(Short text fragments from websites)
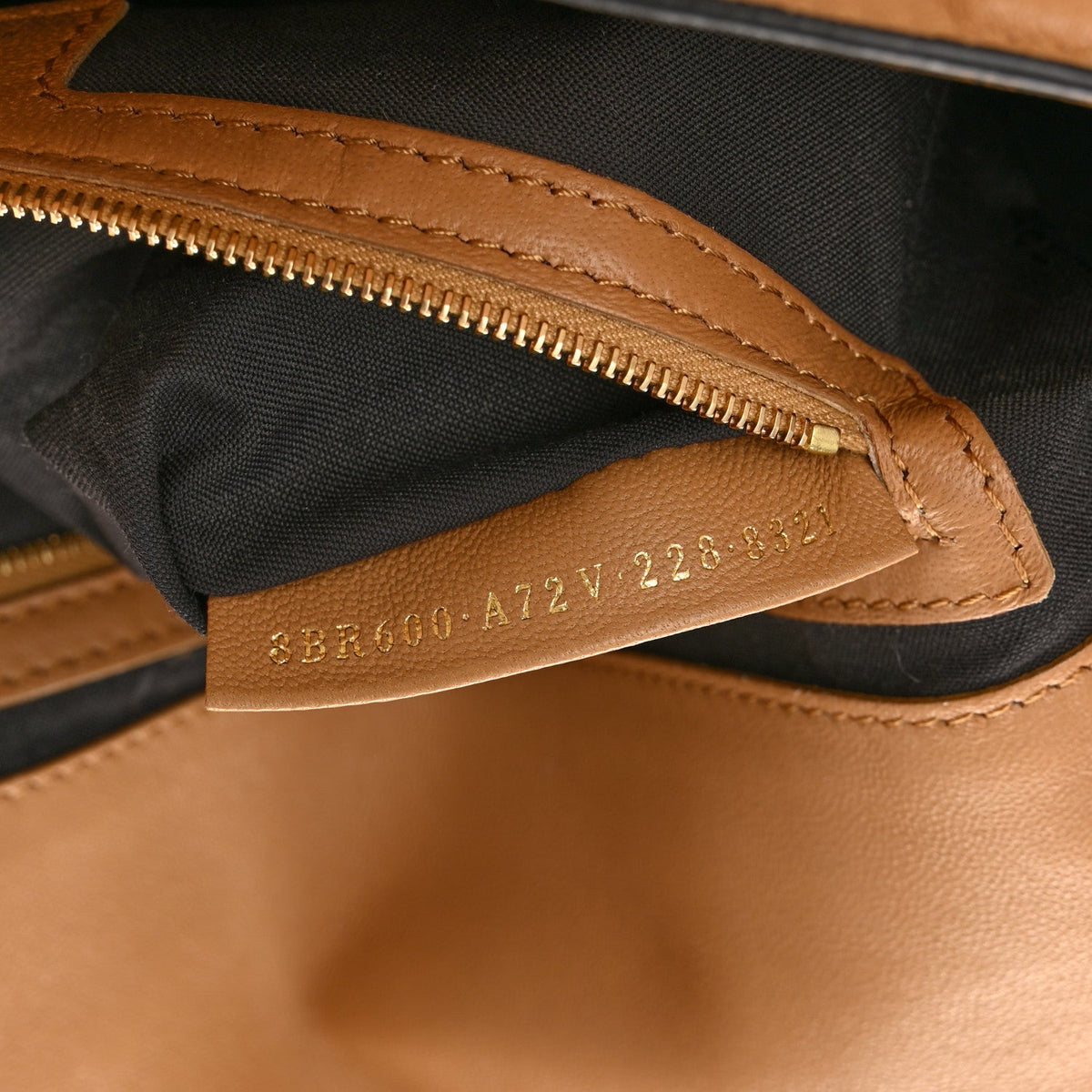 Nappa FF 1974 Embossed Baguette Miele Scuro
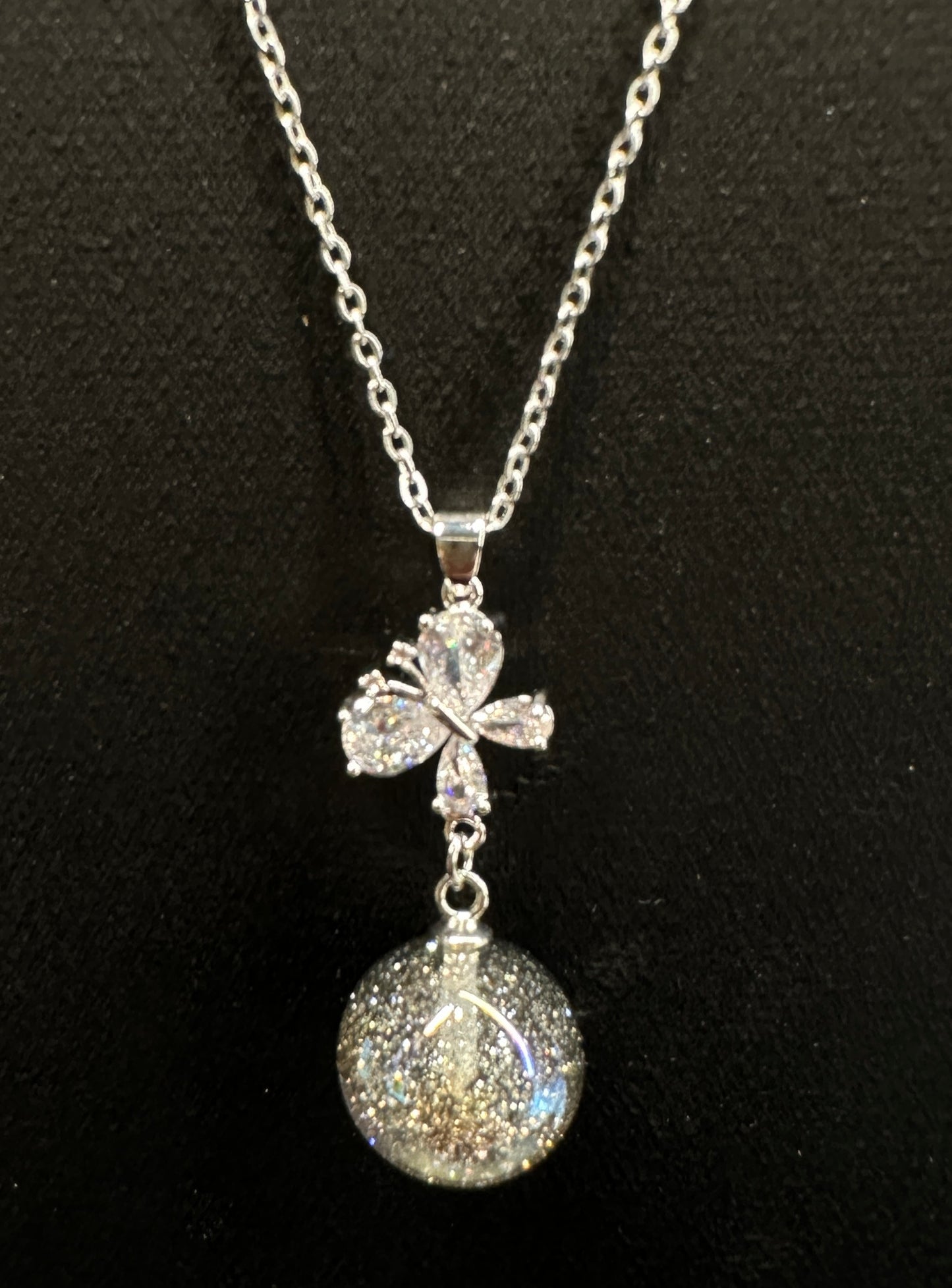 Nebula Butterfly Galaxy Pendant | White Butterfly Galaxy Jewelry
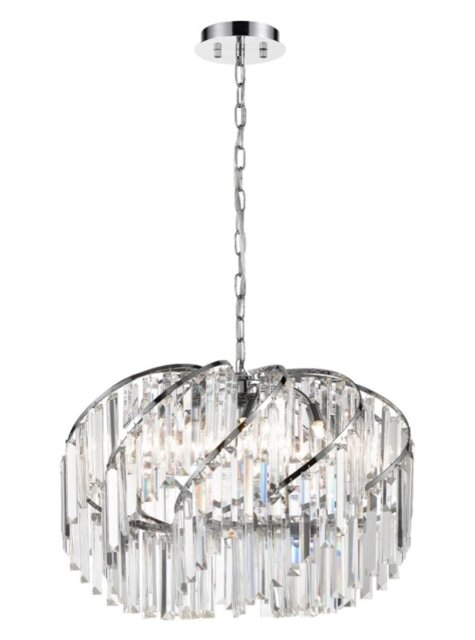 Franklite Pirouette 12 Light Ceiling Pendant Light In Chrome With Crystal Glass FL2412-12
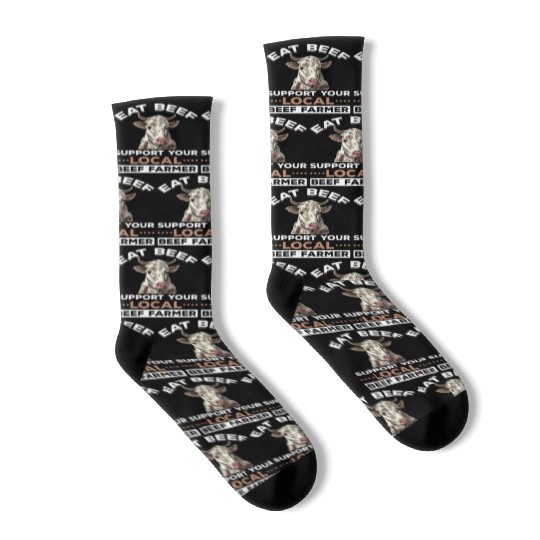 Cattle Farming Cow Agriculture Beef Lover Socks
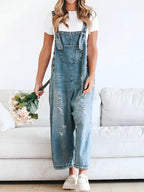 Daisy Women's Denim Overalls | Distressed Wide Leg, Adjustable Fit 0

Exercise description :: Without including any picture, restate every entry above exactly.

Task solution ::
 Nappa FF 1974 Embossed Baguette Miele Scuro
 Nebula Butterfly Galaxy Pendant | White Butterfly Galaxy Jewelry
 Franklite Pirouette 12 Light Ceiling Pendant Light In Chrome With Crystal Glass FL2412-12
 Cattle Farming Cow Agriculture Beef Lover Socks
 Daisy Women's Denim Overalls | Distressed Wide Leg, Adjustable Fit 0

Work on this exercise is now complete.